No cenário internacional, os principais produtores são Austrália, Chile, China, Zimbábue e Argentina. Mas o Brasil já figura entre os seis maiores, com destaque para o Vale do Jequitinhonha (MG), onde a mineração cresceu rapidamente nos últimos anos.
Entre 2023 e 2024, a produção nacional de lítio dobrou. Com a liberação do comércio externo do minério no governo Bolsonaro, o setor atraiu empresas transnacionais e disparou. O caso mais emblemático é o da canadense Sigma Lithium, que opera o complexo Grota do Cirilo, um dos maiores do mundo.
Enquanto o governo mineiro promove a região como “Vale do Lítio”, a paisagem e a vida nas comunidades se transformam. Moradores relatam problemas respiratórios, rachaduras em casas e escassez de água, além do aumento de rejeitos, ruídos e carretas pesadas.
Violações, falta de consulta e impactos no Sul Global
O Ministério Público Federal (MPF) recomendou, em outubro de 2025, a suspensão de licenças concedidas sem consulta prévia, livre e informada a povos indígenas, quilombolas e comunidades tradicionais. O direito à consulta está previsto na Convenção 169 da Organização Internacional do Trabalho (OIT), reconhecida pelo Supremo Tribunal Federal.

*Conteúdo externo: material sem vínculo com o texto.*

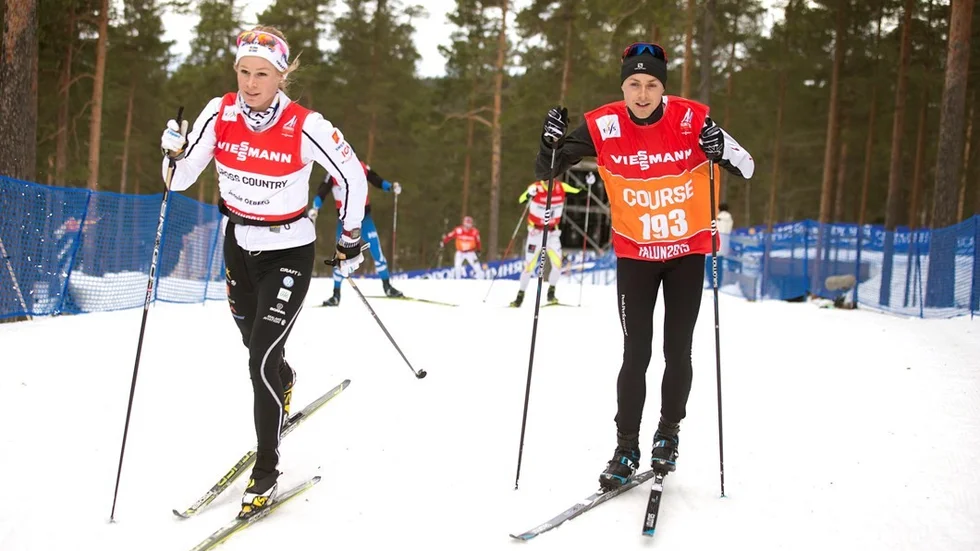 Jennie Öberg Pite Elit och Pts krönikör David Hedlund åker VM spåren.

Vista aérea das piscinas de evaporação do complexo estatal de extração de lítio, na zona sul do Salar de Uyuni, na Bolívia | PABLO COZZAGLIO / AFP
O MPF aponta ainda um ciclo de validação irregular: as empresas declaram que não há populações atingidas, o Estado licencia com base nessa presunção, e o próprio licenciamento vira justificativa para ignorar os impactos. Técnicos da Procuradoria identificaram sobrecarga de serviços públicos e restrição hídrica severa na região.
Na Terra Indígena Cinta Vermelha Jundiba, há denúncias de assédio e invisibilização da presença indígena. Comunidades como Ponto do Piauí e Poço Dantas enfrentam assoreamento de córregos e convívio constante com explosões.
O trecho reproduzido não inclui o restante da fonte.